Neighbourhoods in charge of their own destiny?

Back in late 2008 Building Partnerships the developer of the proposed Rackheath eco-town held exhibitions to showcase their plans. Feedback was collected from those attending and a report is available on the developer's website.

More than 200 responses are shown in this report and over two thirds are opposed to the plans with comments such as " I am against the whole idea, we live in the country. Had I had wanted to live in a town I would not have moved here in the first place" appearing regularly. The more cynical said " the community does not matter if there is money to be made".

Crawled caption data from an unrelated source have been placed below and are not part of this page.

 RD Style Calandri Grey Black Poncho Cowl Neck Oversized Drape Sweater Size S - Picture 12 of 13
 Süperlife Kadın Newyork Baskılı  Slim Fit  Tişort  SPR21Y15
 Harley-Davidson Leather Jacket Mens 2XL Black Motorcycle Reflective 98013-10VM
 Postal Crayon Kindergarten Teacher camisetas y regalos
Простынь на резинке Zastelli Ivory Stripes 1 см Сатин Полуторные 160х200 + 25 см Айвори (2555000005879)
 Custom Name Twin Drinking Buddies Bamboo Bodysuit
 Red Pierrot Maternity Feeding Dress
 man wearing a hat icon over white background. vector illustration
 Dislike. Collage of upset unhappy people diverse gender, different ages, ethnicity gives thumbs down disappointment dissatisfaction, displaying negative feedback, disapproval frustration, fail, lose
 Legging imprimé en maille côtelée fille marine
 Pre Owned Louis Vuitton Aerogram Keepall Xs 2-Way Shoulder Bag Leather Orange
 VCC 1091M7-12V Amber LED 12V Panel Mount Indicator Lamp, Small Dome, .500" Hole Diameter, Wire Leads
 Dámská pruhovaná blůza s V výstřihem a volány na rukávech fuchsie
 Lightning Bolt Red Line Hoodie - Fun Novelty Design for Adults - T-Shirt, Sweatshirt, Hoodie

Building Partnerships say "Above all, our objective is to to ensure a robust, rigorous and honest consultation". Local residents, however, know that Building Partnerships and Broadland District Council carry out consultations as a box ticking exercise but they never listen. They have known from the outset that the overwhelming majority of residents do not want their lives ruined by large scale development which will transform local villages and turn the area into another part of the insidious Norwich urban sprawl. Yet they carry on regardless...

Will the government's promise of giving power to the man and woman on the street ever be realized here? David Cameron said he wanted community empowerment - "communities with oomph", "neighbourhoods in charge of their own destiny". We're still fighting but is anyone out there listening?

Perhaps the cynic who wrote "the community dos not matter if there is money to be made" was right after all - there is a lot of money to be made here. That is why so many developers are keen to build on huge swathes of the countryside - it's all about profit margins.


  1. Yes Cram in as many Homes as possible to make as much profit as possible.
    Just look at the Estates from the 50s
    Large gardens, large front gardens. In some cases so large many get planning permission to build another house on them !!
    Its a shame how everything is shoe horned into spaces.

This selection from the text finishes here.